Она улыбнулась и провела ладонью по его лицу. Рука у нее дрожала.
- Ты его не любишь.
- О, да, разумеется. Я его не люблю. Ну, уж точно, не люблю так, как тебя. Но он хороший. Мне весело с ним и легко. И он надежный. И заботится обо мне. Знаешь, с ним я могу не бороться. Могу просто опустить лапки и почувствовать себя слабой, обыкновенной женщиной.
Они молчали какое-то время.
- И что, ты сможешь так жить?
Она приподнялась на цыпочки и поцеловала его в лоб.
- Я уже так живу, милый.

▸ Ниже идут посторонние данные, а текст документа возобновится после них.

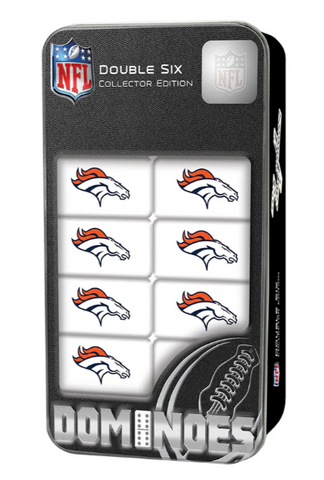 Denver Broncos Double Six Dominoes Set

Ты стал для меня призраком. Не сразу, постепенно, но стал. Если бы тогда, тогда, восемь лет назад, ты попросил тебя ждать - я бы ждала. Я бы ждала и десять лет, и двадцать - сколько потребуется. Но ты не попросил. Ты сбежал в свой драгоценный Лондон, и, наверняка, ты думал о том, что перед тобой все пути открыты.. Но нельзя открыть одну дверь, не закрыв другую, милый. Это никому не под силу. Ты свой выбор сделал, так что не смей меня за него осуждать.
Она отстранилась от него и, развернувшись, все той же нетвердой походкой направилась к выходу. Бармен бросил протирать рюмки и с интересом наблюдал сейчас, чем все закончится.
Он поймал ее за руку.
- Неужели ты вот так и уйдешь, просто уйдешь? Просто сдашься?
Она сжала его ладонь холодными пальцами, а затем высвободила свою.